存储字符所需的存储量始终为 1 个字节。所以sizeof(char)总是会返回1。

char *a = new char[10];
int length = sizeof(a)/sizeof(char);

This is the same for both len1and len2because this division of 1 does not influence the equation.

这对两者都是一样的len1，len2因为除以 1 不会影响等式。

The reason why both len1and len2carry the value 6 has to do with the string termination char '\0'. Which is also a char which adds another char to the length. Therefore your length is going to be 6 instead of the 5 you were expecting.

len1和len2携带值 6的原因与字符串终止符有关'\0'。这也是一个向长度添加另一个字符的字符。因此，您的长度将是 6 而不是您期望的 5。

#include <stdio.h>
#include <stdlib.h>

int
main ()
{
    int arraySz;
    char *a;
    unsigned int *q;

    for (arraySz = 5; arraySz <= 64; arraySz++) {

        printf ("%02d - ", arraySz);

        a = new char[arraySz];
        unsigned char *p = (unsigned char *) a;

        q = (unsigned int *) (a - 4);
        printf ("%02d\n", (*q));

        delete[] (a);

    }
}

You already mentioned that the length turns out to be 4 here, which is correct. Again, the sizeofoperator returns the storage amount for the operand and in your case it is a pointer a. A pointer requires 4 bytes of storage and therefore the length is 4 in this case. Since you probably compile it to a 32-bit binary. If you'd created a 64-bit binary the outcome would be 8.

您已经提到这里的长度结果是 4，这是正确的。同样，sizeof运算符返回操作数的存储量，在您的情况下它是一个 pointer a。一个指针需要 4 个字节的存储空间，因此在这种情况下长度为 4。因为您可能将其编译为 32 位二进制文​​件。如果您创建了 64 位二进制文​​件，则结果将为 8。

This explanation might be here already be here. Just want to share my two cents.

这个解释可能已经在这里了。只想分享我的两分钱。

This may sound Evil? and I haven't tested it, but how about initializing all values in an array at allocation to '\0'and then using strlen()? This would give you your so-called real valuesince it would stop counting at the first '\0'it encounters.

这可能听起来很邪恶？我还没有测试过它，但是如何在分配时初始化数组中的所有值'\0'然后使用strlen()？这将为您提供所谓的真正价值，因为它会在第一次'\0'遇到时停止计数。

Well, now that I think about it though, please don't Ever? do this. Unless, you want to land in a pile of dirty memory.

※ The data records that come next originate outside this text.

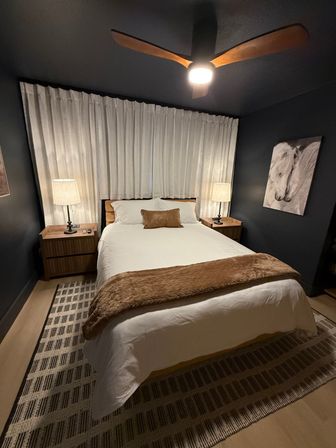 Cozy modern bedroom interior with white bedding and brown throw pillow, wooden nightstands and lamps, dark painted walls, ceiling fan, sheer curtains, horse wall art and patterned area rug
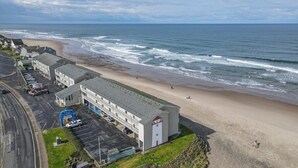 A coastal motel with a parking lot, a beach view, and a building with a red door. - Ocean View Suite - Sleeps Six - Heated Indoor Pool & Hot Tub Access (Lincoln City)
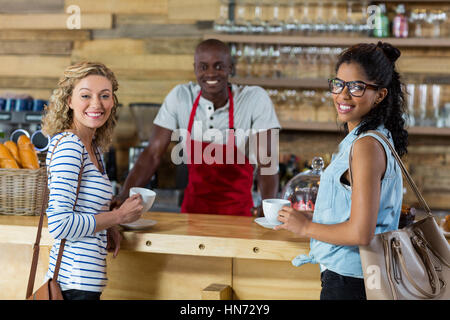 Waiter serving coffee to female customer in cafÃƒÂ© Stock Photo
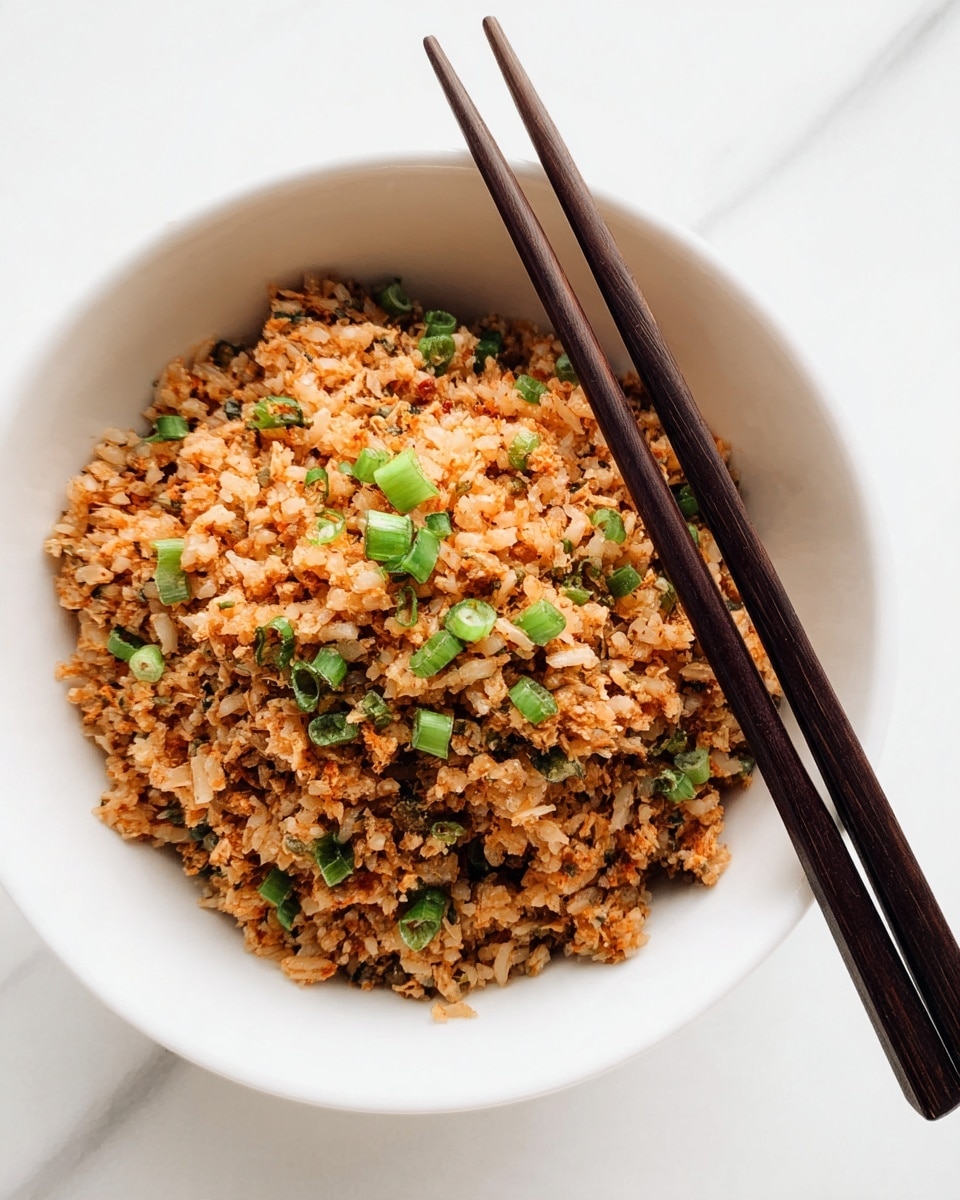A white bowl filled with a single layer of finely chopped, cooked rice mixed with small pieces of vegetables and green onion slices scattered on top, creating a mix of light brown and green colors with a slightly crumbly texture. Two dark wooden chopsticks rest diagonally on the bowl's edge. The bowl is placed on a white marbled surface. photo taken with an iphone --ar 4:5 --v 7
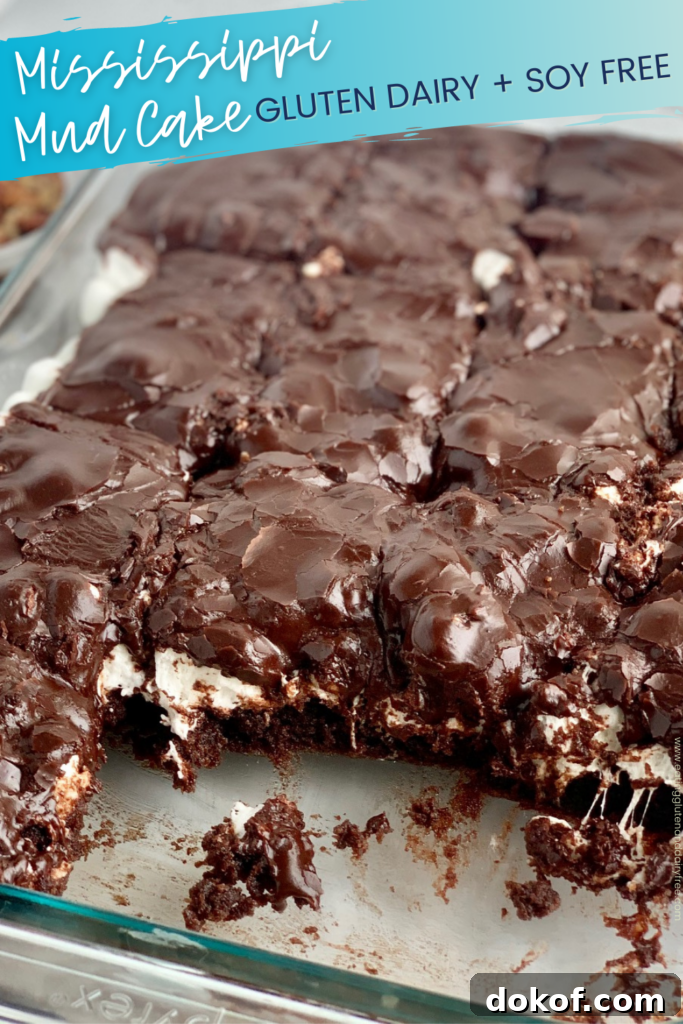 A glass baking dish filled with a dark brown chocolate cake followed by a white layer of mini marshmallows and topped with dark brown chocolate frosting. The bars have been cut into squares and some are missing from the pan.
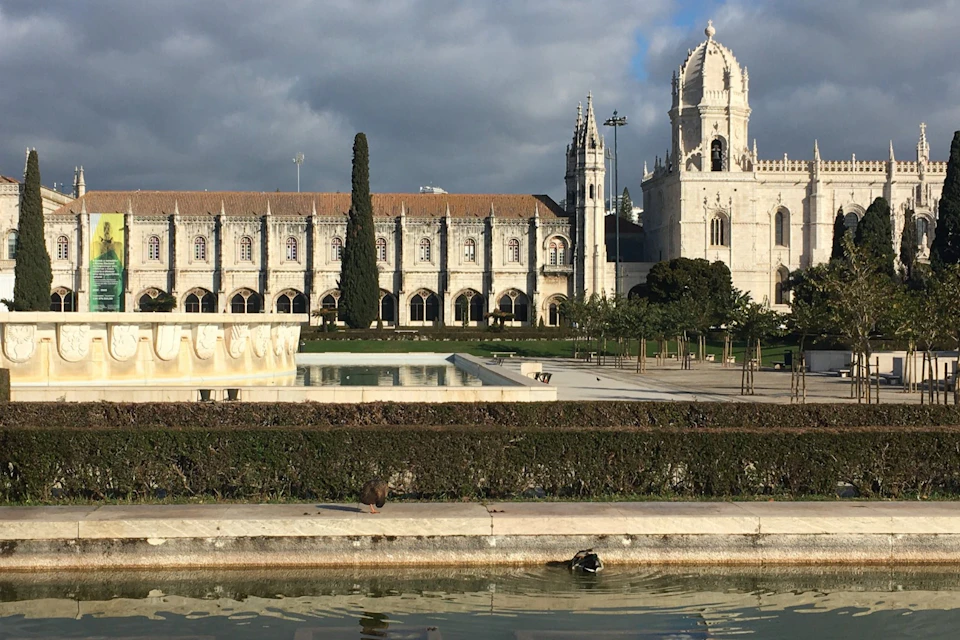 Historic monastery with Gothic architecture, a large tree, a reflecting pool with fountains, and ducks in the foreground. Cloudy sky overhead.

好吧，现在我想了想，请永远不要？做这个。除非，你想落入一堆肮脏的记忆中。

Also, for the allocated memory or the total memoryyou may use the following functions if your environment provides them:

此外，对于分配的内存或总内存，如果您的环境提供，您可以使用以下函数：

• msize()
• malloc_usable_size()

• 大小（）
• malloc_usable_size()

when new allocates an array, depending on the compiler (i use gnu c++), the word in front of the array contains information about the number of bytes allocated.

当 new 分配一个数组时，取决于编译器（我使用 gnu c++），数组前面的字包含有关分配的字节数的信息。

The test code:

测试代码：

05 - 19
06 - 19
07 - 19
08 - 19
09 - 19
10 - 19
11 - 19
12 - 19
13 - 27
14 - 27
15 - 27
16 - 27
17 - 27
18 - 27
19 - 27
20 - 27
21 - 35
22 - 35
23 - 35
24 - 35
25 - 35
26 - 35
27 - 35
28 - 35
29 - 43
30 - 43
31 - 43
32 - 43
33 - 43
34 - 43
35 - 43
36 - 43
37 - 51
38 - 51
39 - 51
40 - 51
41 - 51
42 - 51
43 - 51
44 - 51
45 - 59
46 - 59
47 - 59
48 - 59
49 - 59
50 - 59
51 - 59
52 - 59
53 - 67
54 - 67
55 - 67
56 - 67
57 - 67
58 - 67
59 - 67
60 - 67
61 - 75
62 - 75
63 - 75
64 - 75

on my machine dumps out:

在我的机器上转储：

I would not recommend this solution (vector is better), but if you are really desperate, you could find a relationship and be able to conclude the number of bytes allocated from the heap.

我不会推荐这个解决方案（向量更好），但如果你真的很绝望，你可以找到一个关系并能够得出从堆分配的字节数。